I've heard you can use a very tight string that is level, you then use shims to bring your wood plum to the string. Having never done it myself, I don't know what the easiest way is.

I guess you just use long strips, and check/shim at every nail point.


----------



## AtlanticWBConst. (May 12, 2006)

handyflyer said:


> This probably sounds like a stupid question but what exactly is strapping for a basement ceiling?? I know it is done so you can have a uniform height for the ceiling but how exactly is it done??? A picture is probably worth a thousand words


Strapping is a length of lumber ususally: 5/8" by 2 1/2" in dimension with the longest manufactured standard length of 16'.
These are started at one side (edge) of the room - perpendicular to the overhead joists. They can be installed after the walls are put up, but are often installed before, so that the strapping may serve as a material to attach a wall to (A wall that is running parallel to the joists).
The strapping is placed the same way the studs are placed; 16 inches on center. They are laid out using a chalk line to mark the joists overhead. The mark serves to note 'one' side of the strapping - again, based as 16 - O.C.
A smaller nail, like a 6-penny or 8-penny nail is used to fasten the strapping, as it has a larger tendency to split on the ends, because of it's 5/8" depth. (FWIW -We actually use a 16 Gauge heavy duty stapling nail gun to do this - to avoid splitting the strapping.
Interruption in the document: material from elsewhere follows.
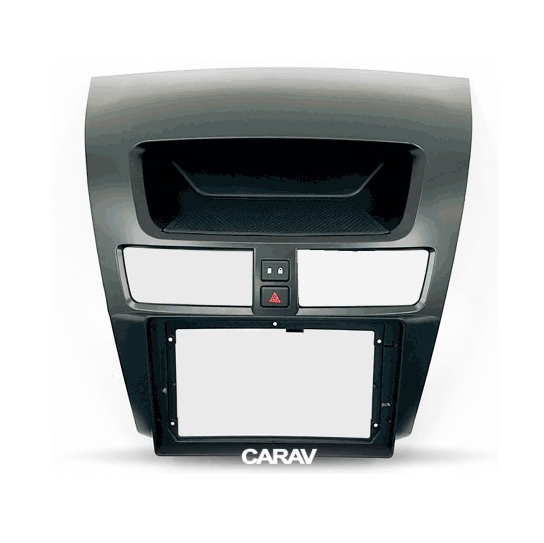 Carav In-Dash Audio Installation Kit Mazda Bt-50-2012-2020 9" 22-516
Staples used are 1 1/2" + long). You may also use 1 5/8" drywall screws to attach strapping, tho the drywall screws will definitely split the strapping on the end cuts...

In this pic, you can barely note the image of the strapping running perpendicular to the ceiling joists - 16 O.C.










Here is a pic where we used 2x4's to serve as strapping for sheetrock. The reason was because there were copper pipes in the ceiling, and by simply using 2x4's rather than 5/8" thick strapping, we were able to gain enough depth to go over the pipes and have a continuosly even sheetrock surface:











Sorry that the pics are not hugely descriptive or close up shots, but I didn't plan on using them for instructive purposes when we took them ...
I hope this helps in some way....

PS- TIP: Unlike the picture before this post, you should always STAGGER the lengths so that no two 'breaks' or 'endings' of the strapping lay next to eachother.... (that pic shows all the strapping lengths ending at the same point - Don't do it that way....)


----------



## yummy mummy (Sep 11, 2006)

Keep those pictures coming Atlantic! :yes:


----------